I’m 34. I think there might be another 3 Godots to be seen in my lifetime. Perhaps when Toby Schmitz or Ewen Leslie find their whiskers greying and their middle-aged bellies paunching. (tres impossible!) But at the moment, I head the warning of the plays that keep popping up in my life – a kind of artistic/philosophical guidance that whispers “be careful what you wait for…” I must pay attention to it.

Godot 1.
Sydney University Dramatic Society (1998)
I walked out. It is one of the few plays/productions/presentations I have ever walked out of.
At the time I was an angry young woman (ask my classmates of those Halcyon days!) who’s temper was especially short before lunchtimes. It was a hot, languid day. Sitting in the dark cave of the Cellar Theatre. I was hungry. I stayed for Lucky’s speech – which was beautiful and possibly the best I’ve ever seen performed – and then left. I was alter told that me walking out was Beckett’s intent and I had played STRAIGHT into his clammy irish hands!

Godot 2
New Theatre’s production directed by Luke Rogers. I think this was in 2010? A very clear and visually crisp production. I recall Martin Kinnane’s lighting design being especially impressive. I had forgotten how obsessed with the prostate Beckett is in this play, until I saw this production.

Godot 3
The Godot that is known as “The Sir Ian McKellen Production.” Circa 2010. A grand affair. At the Sydney Opera House. I attended with Mr James Waites who loves this play (he claims it is his favourite play!) not just for its punning resonance. It was one of those light misty rain umbrella days. The theatre was warm. It was a dim-lit monochromal design. People gently snoozed through it. I sat alert and upright, not wanting to miss Mckellen. I was frightened of Pozzo, I remember that. It was a study of the vaudevillian Godot – of age and stamina.

Godot 4.
Something felt playful and open about this Godot. I loved the little carrots nibbled in the show. I loved the big arcing angle of Pozzo’s entrance. And you can read more below.

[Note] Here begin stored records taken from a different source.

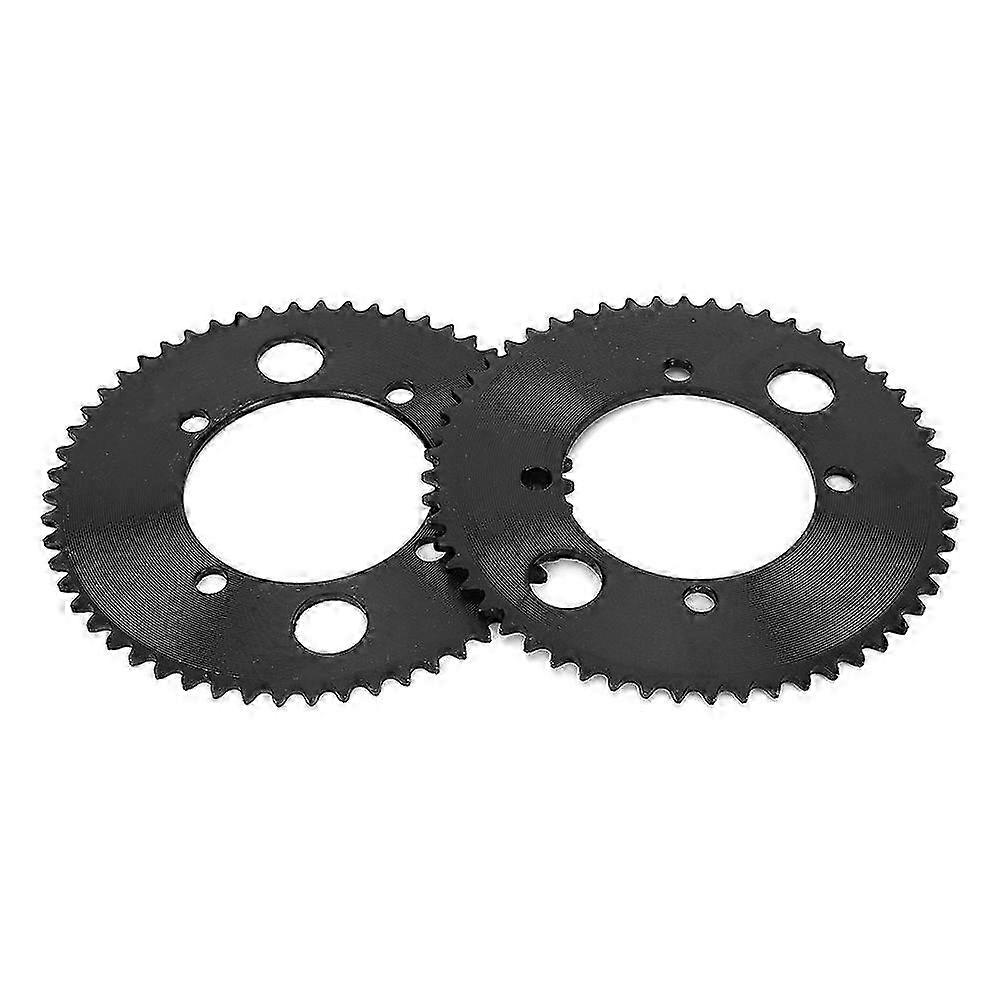 2 قطعة ضرس خلفي أسود (أسنان 25 ساعة 55 طن 54 مم) لدراجة نارية صغيرة 47 سم مكعب و 49 سم مكعب ، مركبة ، دراجة رباعية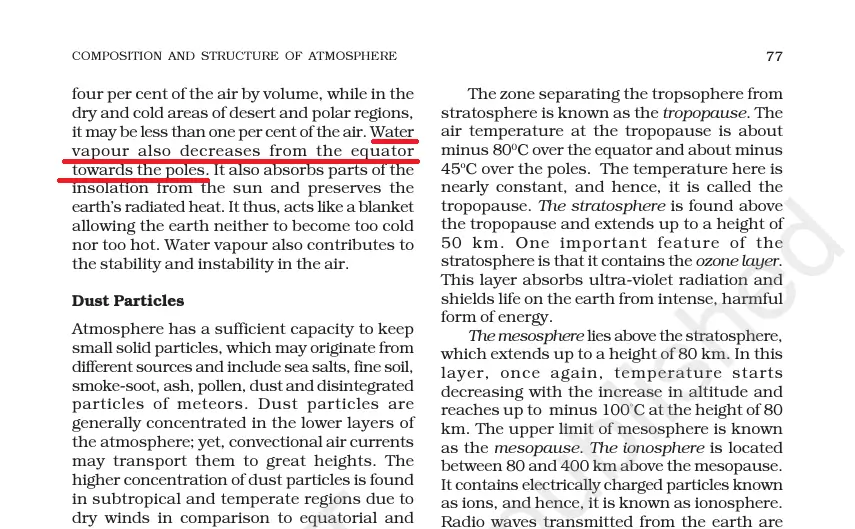 NCERT Geography Chapter 8 Composition and Structure of Atmosphere v1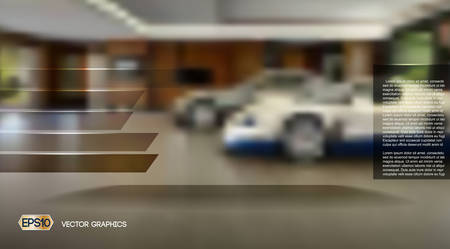 Blurred interior background Vector illustration for infographics, mockup, posters, print, Place for textのイラスト素材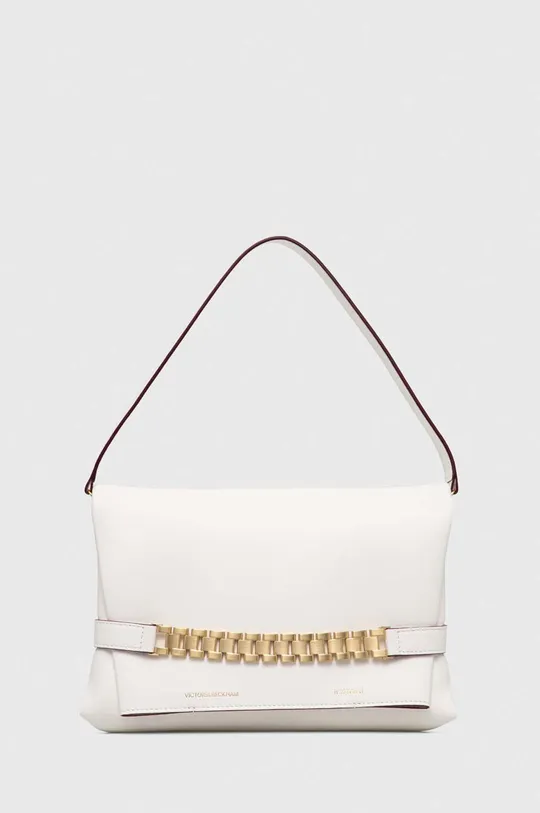 λευκό Δερμάτινη τσάντα ώμου Victoria Beckham Chain Pouch Γυναικεία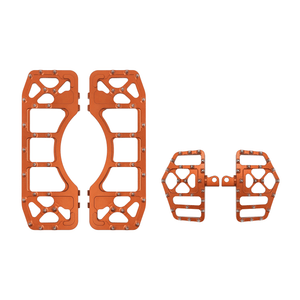 ZHPE0059 HCmotorku Front & Rear Floorboard Footboard Kit for Harley Softail Touring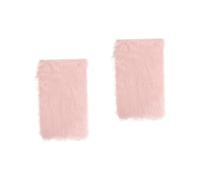 Healeved 2pcs Fluffy Cushion Photography Background Rug for Nail Art Display Props for Jewelry Photography Soft Faux Material for Live Streaming Photo Shoots Elegant Table Decor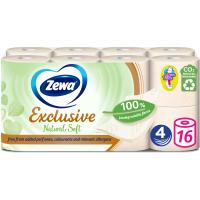 Туалетная бумага Zewa Exclusive Natural Soft 4 шари 16 рулонів Фото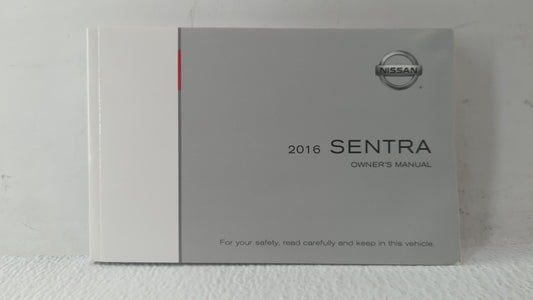 2016 Nissan Sentra Owners Manual Book Guide OEM Used Auto Parts - Oemusedautoparts1.com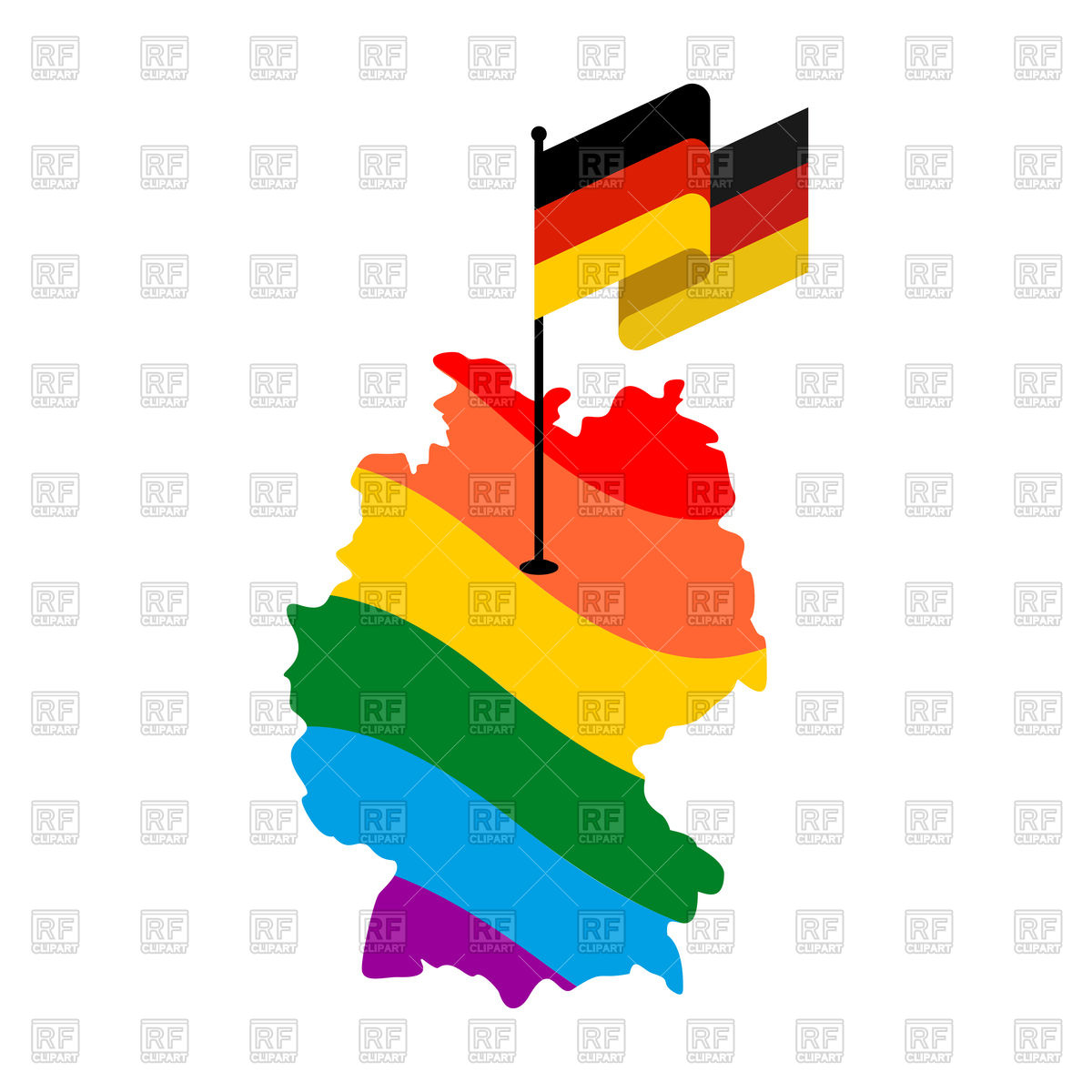 1200x1200 Lgbt Germany Map Of Deutschland And Flag Vector Image Of Signs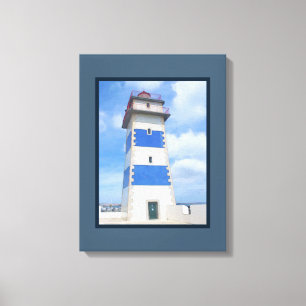 Toile Watercolor lighthouse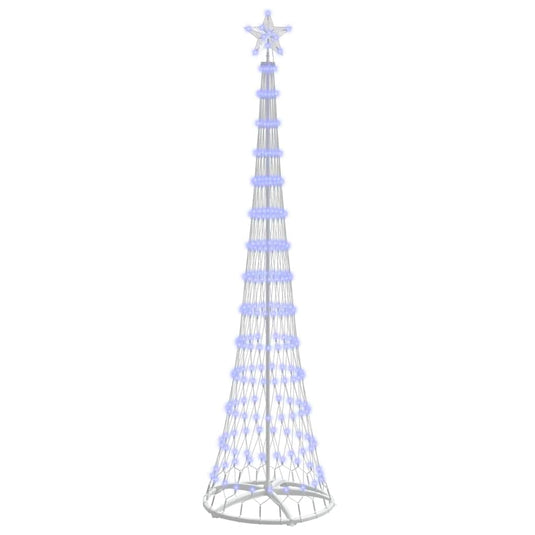 Vidaxl led kerstboom met 290 led blauw 70 x 70 x 250 cm metaal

I know James Waites in particular loved this Godot. I know many people will and do.

The interesting thing with all ancient or classic texts – texts that have survived criticsm over a period of time and swathes of thinking – is that I sometimes stop examining the text. Lately – more than ever – I’ve started reading new productions of old plays with the same critical ear as that of a new play – not to assume it’s earned its literary stripes but to make sure the stripes aren’t fading under the harsh glare of time’s light and attention. Godot still is a rule breaking, audience provoking text. Though I can’t help but wonder if the diamond encrusted wrists clapping at the STC are clapping more the grand spectacle of celebrity, than the genius of writing at work?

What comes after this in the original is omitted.